There are those to whom it is offensive to speak of reforming the Reformation. We must do one of two things. Either we must accept this necessity, and look it calmly in the face, or we must accept that progress that comes through a perpetual recurrence of schism.

But there is a question that more immediately concerns us: Is that order of things that now actually exists in a majority, or even in a large minority, of our churches, the order that was conceived in the hearts of the men that originally built up this Reformation; or have such churches, whether a majority or a minority of our whole number, like Israel of old, stopped in the wilderness, and refused to enter the promised Canaan?

This Reformation, in the rapidity of its growth, is without a parallel in the history of Protestant parties. At its beginning Alexander Campbell was a middle-aged man, and was at the maturity of his powers, and before his death, it had attained to a membership of more than three hundred thousand persons, Those acquainted with its history need not be told that a large number of its members were, at the first, from the Baptists. It is, indeed, a matter of wonder that a Presbyterian minister, but a short time identified with the Baptists, should exert such an influence over them as to induce a great multitude of churches to resolve, that when he was driven out of the Baptist Church, they, also, would share his fortune, and accept loss of representation and exclusion from their former brotherhood, for the sake of the principles which they had learned from him. Now when we reflect that this embraced not only young men, but old men -men already arrived at that period of life in which it is most difficult to change our habits of thinking and acting, it becomes a question of profoundest interest. Were these men able to make a change so radical as to plant themselves completely on our reformation principles, and abandon everything in their old Baptist doctrine and practice incompatible therewith?

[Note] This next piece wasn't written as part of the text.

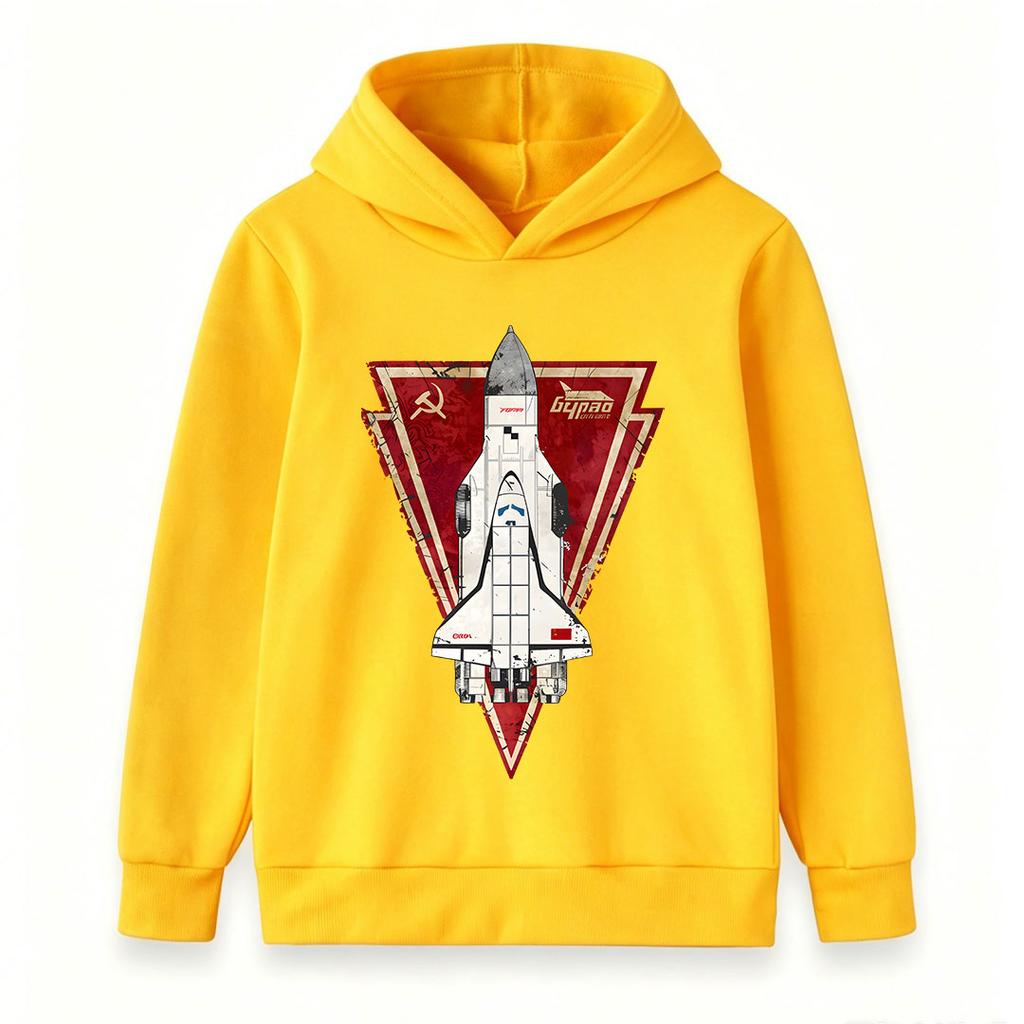 Kids Boys Girls Pullover Hoodie, Vintage Soviet Buran Space Shuttle Print Casual Hooded Sweatshirt for Space Fans, Comfortable Long Sleeve Tops for Da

When we remember that this movement embraced not merely churchmembers, but gray-haired Baptist ministers, who, all their lives, had been accustomed to lead and not to follow, we curiously inquire, was their change perfect and complete, or did they locate themselves on a sort of half-way ground, which was a compromise between Reformation principles and old Baptistism?

We propose to build up a Church that shall never be broken by schism; but shall continue to gather Christians into its fold, until it shall be merged in the glories of the coming millennium. There are those who regard this as an insufferable arrogance on our part; nevertheless, we do entertain this thought. Now, it is evident, that while other Churches have their respective bonds of union largely made up of worldly compromises, ours, if we continue to entertain such expectations, must be wholly divine. Again we ask, did Baptists coming into the Reformation, adopt an order which is a compromise between Reformation principles and Baptist usages?